_Problem_. Locate and copy each line in the data that contains the word "Women".

_Available data_.
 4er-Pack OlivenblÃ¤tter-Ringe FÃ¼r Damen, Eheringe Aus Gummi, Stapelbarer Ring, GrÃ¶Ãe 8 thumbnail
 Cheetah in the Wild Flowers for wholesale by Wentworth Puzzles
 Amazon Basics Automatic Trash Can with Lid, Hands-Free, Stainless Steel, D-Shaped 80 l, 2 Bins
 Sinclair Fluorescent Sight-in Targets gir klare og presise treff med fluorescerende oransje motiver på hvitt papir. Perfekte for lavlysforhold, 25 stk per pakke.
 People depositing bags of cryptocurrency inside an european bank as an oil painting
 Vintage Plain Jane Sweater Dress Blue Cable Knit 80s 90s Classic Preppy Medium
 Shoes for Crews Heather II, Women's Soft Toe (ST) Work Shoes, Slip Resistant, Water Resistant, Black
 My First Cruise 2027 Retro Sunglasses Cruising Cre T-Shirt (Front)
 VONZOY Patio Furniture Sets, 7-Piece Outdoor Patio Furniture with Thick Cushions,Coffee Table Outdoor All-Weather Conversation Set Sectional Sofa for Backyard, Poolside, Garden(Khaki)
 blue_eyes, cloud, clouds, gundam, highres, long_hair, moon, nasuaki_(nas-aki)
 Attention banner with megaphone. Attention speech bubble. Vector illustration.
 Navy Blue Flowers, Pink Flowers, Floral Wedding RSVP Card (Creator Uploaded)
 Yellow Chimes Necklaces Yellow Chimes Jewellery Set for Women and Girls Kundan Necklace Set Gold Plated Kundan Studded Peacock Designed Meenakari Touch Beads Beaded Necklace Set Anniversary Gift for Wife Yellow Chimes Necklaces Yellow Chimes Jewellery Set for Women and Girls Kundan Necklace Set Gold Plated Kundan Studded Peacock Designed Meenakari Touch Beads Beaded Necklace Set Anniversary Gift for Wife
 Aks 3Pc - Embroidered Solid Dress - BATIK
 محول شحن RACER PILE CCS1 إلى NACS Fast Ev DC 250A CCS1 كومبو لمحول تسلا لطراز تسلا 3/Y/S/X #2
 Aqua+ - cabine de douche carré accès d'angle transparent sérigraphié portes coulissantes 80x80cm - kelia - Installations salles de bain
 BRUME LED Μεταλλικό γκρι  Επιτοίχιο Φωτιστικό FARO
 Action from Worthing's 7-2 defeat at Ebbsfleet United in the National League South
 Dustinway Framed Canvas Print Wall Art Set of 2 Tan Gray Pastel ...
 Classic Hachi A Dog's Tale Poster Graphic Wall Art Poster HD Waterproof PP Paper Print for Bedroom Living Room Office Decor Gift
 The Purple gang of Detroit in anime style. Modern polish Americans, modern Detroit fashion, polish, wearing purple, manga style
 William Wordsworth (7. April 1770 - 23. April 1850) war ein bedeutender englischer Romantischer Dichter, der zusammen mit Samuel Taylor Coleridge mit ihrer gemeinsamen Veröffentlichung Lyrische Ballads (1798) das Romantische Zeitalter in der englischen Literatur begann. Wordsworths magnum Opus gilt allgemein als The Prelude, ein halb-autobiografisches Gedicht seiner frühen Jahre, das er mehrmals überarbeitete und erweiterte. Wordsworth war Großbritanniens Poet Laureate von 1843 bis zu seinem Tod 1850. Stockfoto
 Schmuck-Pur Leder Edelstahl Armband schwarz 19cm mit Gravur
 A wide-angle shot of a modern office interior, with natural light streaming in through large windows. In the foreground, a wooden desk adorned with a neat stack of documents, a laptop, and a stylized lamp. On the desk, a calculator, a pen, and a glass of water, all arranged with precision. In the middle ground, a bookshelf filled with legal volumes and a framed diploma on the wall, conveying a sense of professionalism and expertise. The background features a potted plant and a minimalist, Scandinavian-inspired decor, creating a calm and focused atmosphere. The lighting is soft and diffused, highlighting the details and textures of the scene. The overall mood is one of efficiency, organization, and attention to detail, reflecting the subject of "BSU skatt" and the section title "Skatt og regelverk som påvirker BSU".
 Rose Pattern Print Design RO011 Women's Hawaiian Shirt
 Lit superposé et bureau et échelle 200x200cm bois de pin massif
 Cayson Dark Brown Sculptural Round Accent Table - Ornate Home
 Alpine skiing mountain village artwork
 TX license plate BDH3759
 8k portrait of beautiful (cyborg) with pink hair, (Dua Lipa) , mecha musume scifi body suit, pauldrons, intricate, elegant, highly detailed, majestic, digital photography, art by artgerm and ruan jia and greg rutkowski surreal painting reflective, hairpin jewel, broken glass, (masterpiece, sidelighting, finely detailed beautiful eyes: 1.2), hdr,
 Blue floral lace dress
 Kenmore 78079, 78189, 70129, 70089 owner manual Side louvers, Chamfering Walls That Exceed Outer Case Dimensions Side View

_Result for this exercise_.
 Shoes for Crews Heather II, Women's Soft Toe (ST) Work Shoes, Slip Resistant, Water Resistant, Black
 Yellow Chimes Necklaces Yellow Chimes Jewellery Set for Women and Girls Kundan Necklace Set Gold Plated Kundan Studded Peacock Designed Meenakari Touch Beads Beaded Necklace Set Anniversary Gift for Wife Yellow Chimes Necklaces Yellow Chimes Jewellery Set for Women and Girls Kundan Necklace Set Gold Plated Kundan Studded Peacock Designed Meenakari Touch Beads Beaded Necklace Set Anniversary Gift for Wife
 Rose Pattern Print Design RO011 Women's Hawaiian Shirt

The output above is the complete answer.